Als Beweis für ihre Schuld galten auch die Einträge im Tagebuch.

Als Beweis für Folbiggs Schuld galten auch Tagebucheinträge, die ihr Ehemann dem Gericht zugänglich gemacht hatte. «Bei ihr wollte ich einfach nur, dass sie still war. Und eines Tages war sie es», schrieb die vierfache Mutter über ihre Tochter Sarah, die 1993 mit 10 Monaten in der Wiege gestorben war. Oder: «Was mich am meisten erschreckt, ist die Vorstellung, allein mit meinem Baby zu sein.» Oder, über ihr viertes Baby: «Ich weiss, dass mit ihr alles in Ordnung ist.» Über die drei bereits verstorbenen Kleinkinder fügte sie hinzu: «Es war meine Schuld, nicht ihre.»

Es ist, als wäre Folbigg eine Figur aus einer griechischen Tragödie. Denn das Unheil begann schon, als sie selber noch ein Kind war: Im Januar 1969, Kathleen ist gerade 18 Monate alt, wird ihre Mutter mit 24 Messerstichen ermordet. Der Täter ist Kathleens Vater. 

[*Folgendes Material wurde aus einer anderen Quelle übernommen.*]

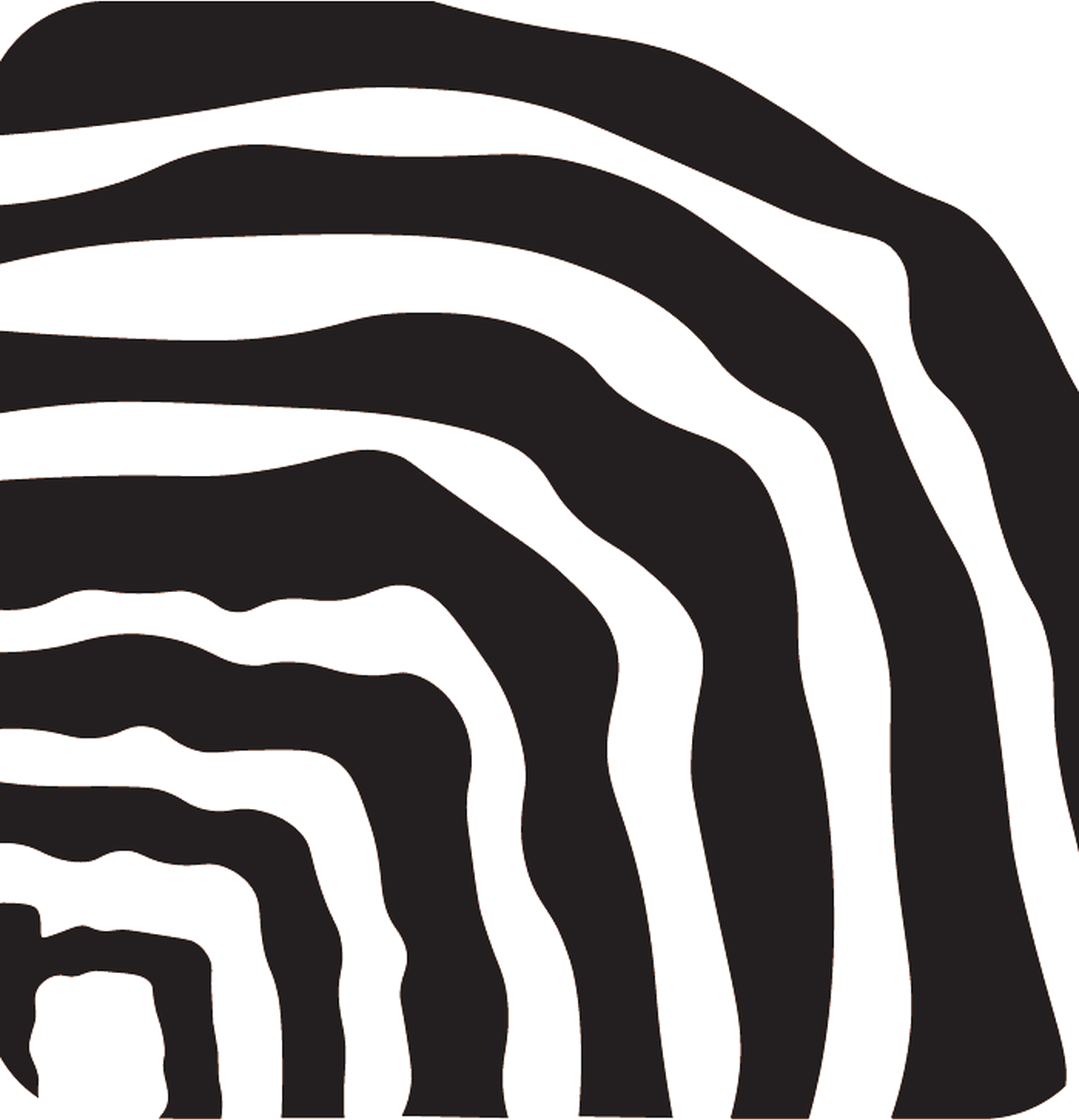 NarraSEO mark: annual rings forming an N silhouette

Sätze einer trauernden Mutter

Ernsthafte Zweifel am Urteil gegen Folbigg kamen 2018 auf, als Wissenschaftlerinnen und Wissenschaftler feststellten, dass eine äusserst seltene Genvariante am Tod ihrer Kinder schuld sein könnte. Mehr als hundert hochkarätige Fachleute, darunter mehrere Nobelpreisträger, forderten die australische Justiz auf, den Fall neu zu beurteilen. Psychologische Gutachten hielten überdies fest, dass Folbiggs Tagebucheinträge keine Schuldeingeständnisse seien, sondern verzweifelte Sätze einer trauernden Mutter, die sich einredet, am Tod ihrer Kinder schuld zu sein.

Vor Gericht hingegen hat Kathleen Folbigg stets ihre Unschuld beteuert. Es sieht ganz danach aus, als müsste ihr nun die Justiz recht geben.